Work order: Give again, exactly as written, the lines of the records below from the line with "Dune du Pilat, la" to the line with "Opel Astra 2016". Both end lines count; pictures do not.

The data:
• • •

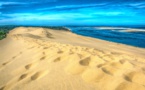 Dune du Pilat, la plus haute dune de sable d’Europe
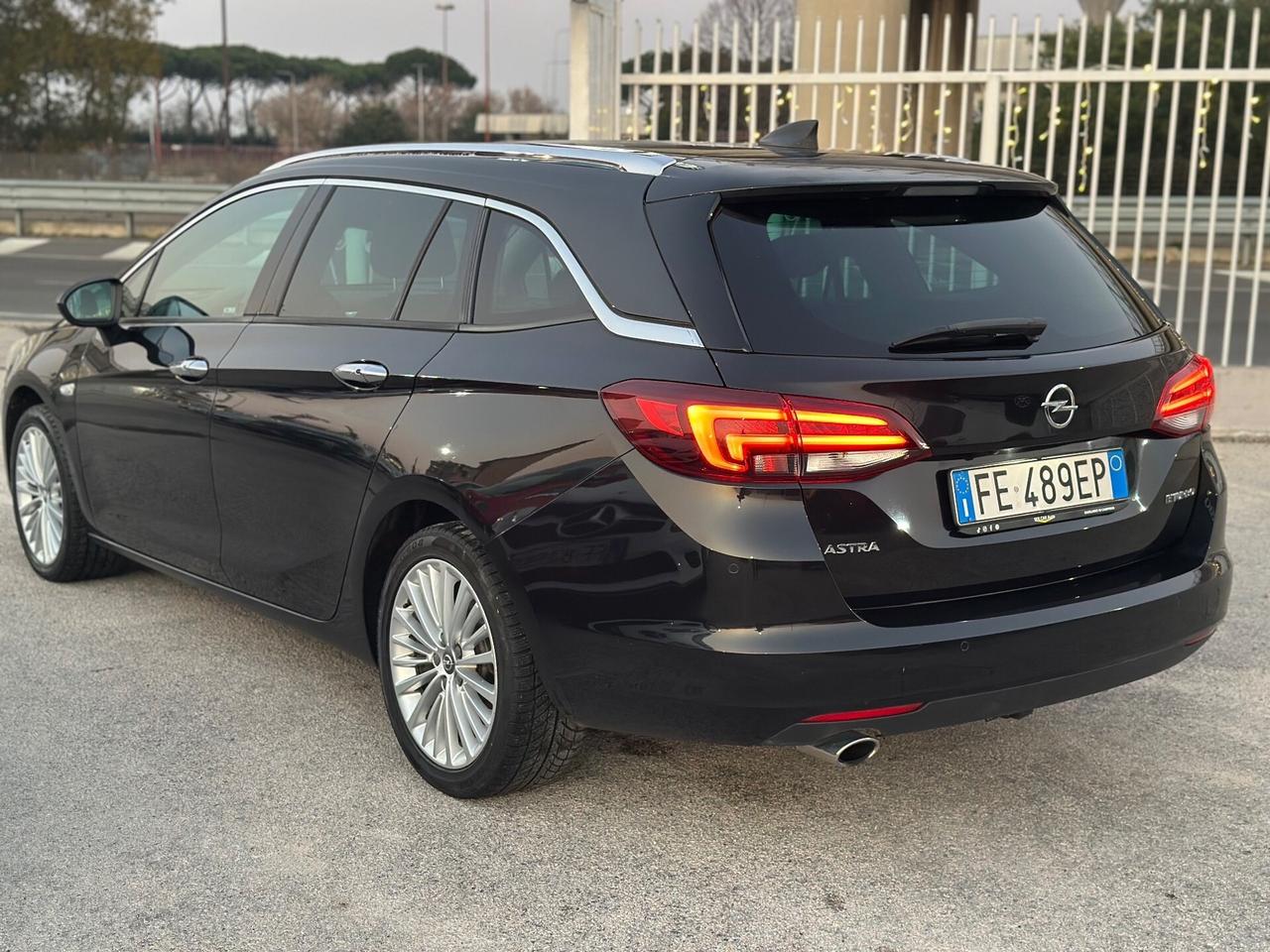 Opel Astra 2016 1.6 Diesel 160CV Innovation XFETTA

• • •

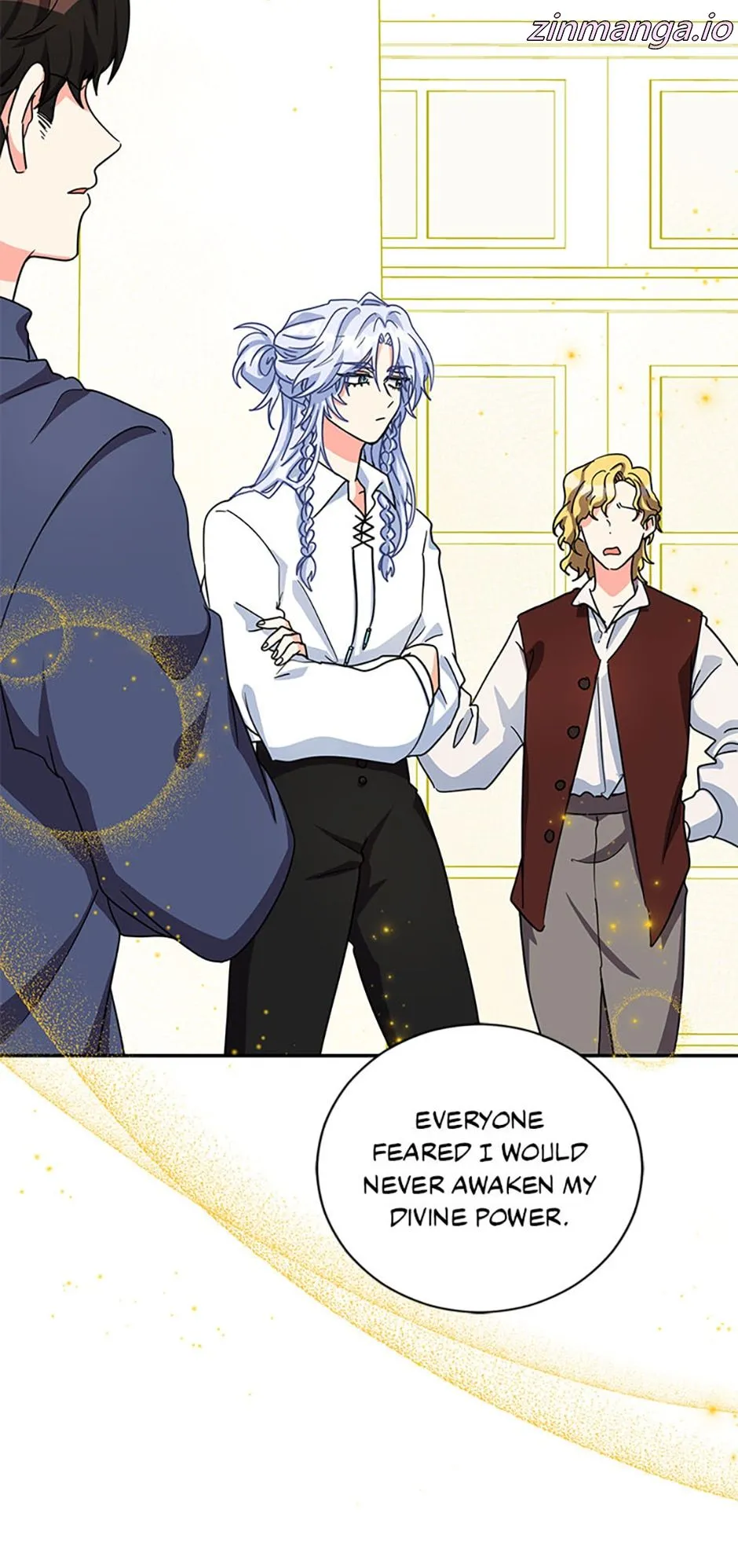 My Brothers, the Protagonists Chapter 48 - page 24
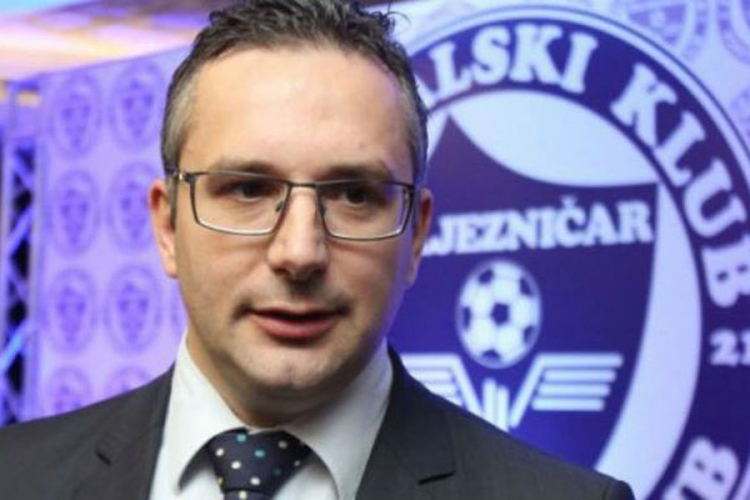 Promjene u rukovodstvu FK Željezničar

• • •

Task response:
 Dune du Pilat, la plus haute dune de sable d’Europe
 Opel Astra 2016 1.6 Diesel 160CV Innovation XFETTA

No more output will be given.